She looks at Rexun, and gestures. 

"Lets head up to the rooms. I need a more detailed account from you about what happened here. What were you expecting to find...why you came...and what exactly took place. And...what is that amulet he's wearing?"


----------



## Dr Simon (Aug 13, 2013)

"This... I am not knowing," says Rexun. "It is not a dwarven thing, nor is blue skin of his followers. I have not seen dwarf like it." He takes a breath and stands up straighter. "Some months back, we are all contact with Fanjyr losing. We think maybe it is snows in pass, this happens. But come spring and no word. And then our scouts find man on borders of Zwergenberg, he is badly wounded being. He says he is with Warders of Midnight Sun, and is to tell our king that Fanjyr has been by evil creatures taken.
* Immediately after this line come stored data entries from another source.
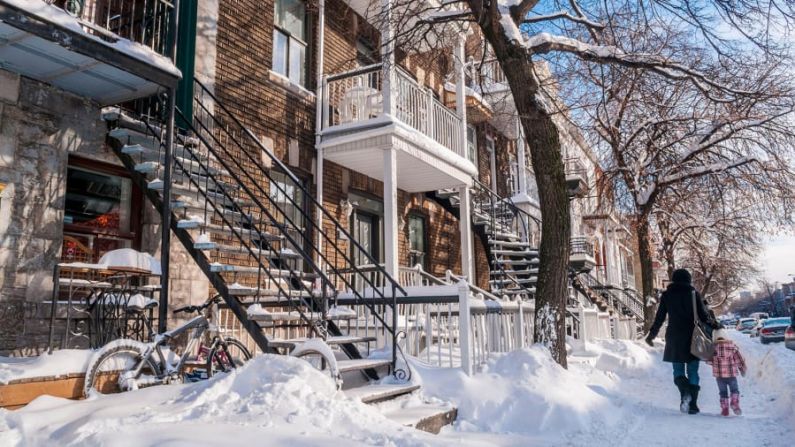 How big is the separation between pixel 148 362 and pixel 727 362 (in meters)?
6.30

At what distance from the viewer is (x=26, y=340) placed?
21.1ft

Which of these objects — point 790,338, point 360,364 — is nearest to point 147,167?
point 360,364

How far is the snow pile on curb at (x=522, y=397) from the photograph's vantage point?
6008 millimetres

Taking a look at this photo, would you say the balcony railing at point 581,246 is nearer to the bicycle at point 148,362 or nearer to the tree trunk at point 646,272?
the tree trunk at point 646,272

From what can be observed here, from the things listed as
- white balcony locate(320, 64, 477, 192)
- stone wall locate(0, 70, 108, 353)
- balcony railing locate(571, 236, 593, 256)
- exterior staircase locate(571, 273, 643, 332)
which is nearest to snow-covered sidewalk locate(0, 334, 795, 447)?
stone wall locate(0, 70, 108, 353)

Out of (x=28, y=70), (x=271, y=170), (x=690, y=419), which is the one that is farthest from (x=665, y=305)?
(x=28, y=70)

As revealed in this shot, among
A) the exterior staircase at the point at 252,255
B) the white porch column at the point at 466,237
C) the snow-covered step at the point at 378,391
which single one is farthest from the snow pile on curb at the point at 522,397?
the white porch column at the point at 466,237

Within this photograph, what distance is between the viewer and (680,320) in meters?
7.35

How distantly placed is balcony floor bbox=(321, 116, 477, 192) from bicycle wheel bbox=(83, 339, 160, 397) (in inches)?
248

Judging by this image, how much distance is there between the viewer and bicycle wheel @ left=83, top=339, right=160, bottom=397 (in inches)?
197

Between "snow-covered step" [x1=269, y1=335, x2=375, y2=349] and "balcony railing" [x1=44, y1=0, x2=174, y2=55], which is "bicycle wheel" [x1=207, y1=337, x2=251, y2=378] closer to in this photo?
"snow-covered step" [x1=269, y1=335, x2=375, y2=349]

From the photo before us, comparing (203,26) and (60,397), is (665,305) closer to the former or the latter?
(60,397)

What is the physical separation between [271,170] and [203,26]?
2.57 metres

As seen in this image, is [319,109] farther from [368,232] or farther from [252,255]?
[252,255] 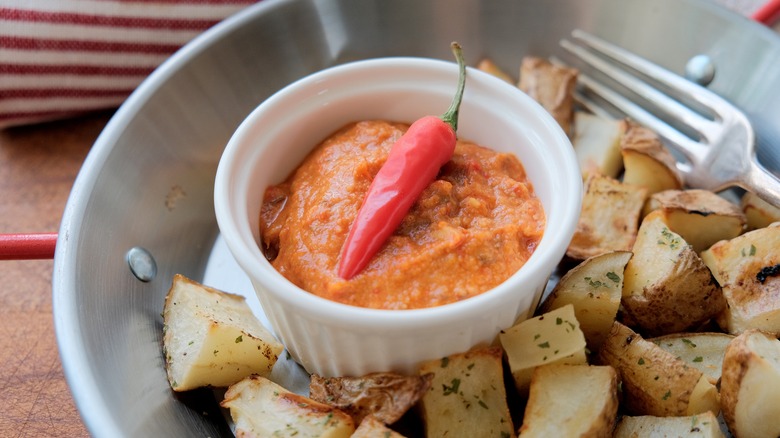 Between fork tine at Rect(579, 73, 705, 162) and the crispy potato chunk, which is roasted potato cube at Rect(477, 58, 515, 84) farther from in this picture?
the crispy potato chunk

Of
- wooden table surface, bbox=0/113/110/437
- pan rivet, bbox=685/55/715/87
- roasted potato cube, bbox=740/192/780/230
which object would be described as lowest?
wooden table surface, bbox=0/113/110/437

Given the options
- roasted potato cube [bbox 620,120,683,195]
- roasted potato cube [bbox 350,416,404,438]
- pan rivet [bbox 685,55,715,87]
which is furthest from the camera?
pan rivet [bbox 685,55,715,87]

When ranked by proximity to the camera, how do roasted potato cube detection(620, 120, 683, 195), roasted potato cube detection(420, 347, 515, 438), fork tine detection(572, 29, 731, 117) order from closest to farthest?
roasted potato cube detection(420, 347, 515, 438), roasted potato cube detection(620, 120, 683, 195), fork tine detection(572, 29, 731, 117)

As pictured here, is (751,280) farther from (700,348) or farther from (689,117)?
(689,117)

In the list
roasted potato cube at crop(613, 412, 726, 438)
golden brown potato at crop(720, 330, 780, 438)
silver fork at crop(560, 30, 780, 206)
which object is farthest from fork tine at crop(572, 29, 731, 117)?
roasted potato cube at crop(613, 412, 726, 438)

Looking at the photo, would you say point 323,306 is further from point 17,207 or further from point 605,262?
point 17,207

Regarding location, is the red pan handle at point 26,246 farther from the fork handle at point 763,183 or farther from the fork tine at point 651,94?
the fork handle at point 763,183

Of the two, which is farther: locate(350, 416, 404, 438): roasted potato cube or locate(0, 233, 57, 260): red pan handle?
locate(0, 233, 57, 260): red pan handle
"King Eisenbart sends me to investigate, and I find dwarves here, I am that our allies have the keep re-taken thinking, but possibly they are of the Copper Dwarves. They spot me as I approach, so I am talking with them trying, but after they let me in they take my arms and armour and throw me in prison in cellar. This Haxmar comes from time to time to beat me, but he does not any questions ask." He frowns. "Sometimes he tells me that I will a poor sacrifice make. To what, I am not knowing. Tonight, before your men rescue me, he says I may live longer as he has a much better substitute found."


----------



## Kaodi (Aug 13, 2013)

"If they do want one of us for sacrifice, we will not leave here without spilling blood," says Comoray.

Knowledge (Religion): 1d20+5=19, Sense Motive: 1d20+6=8


----------



## Shayuri (Aug 13, 2013)

"He called himself the Cobalt Dwarf," Arcata says to Rexun as she studies him. "Does that mean anything to you? And who are the Warders of the Midnight Sun?"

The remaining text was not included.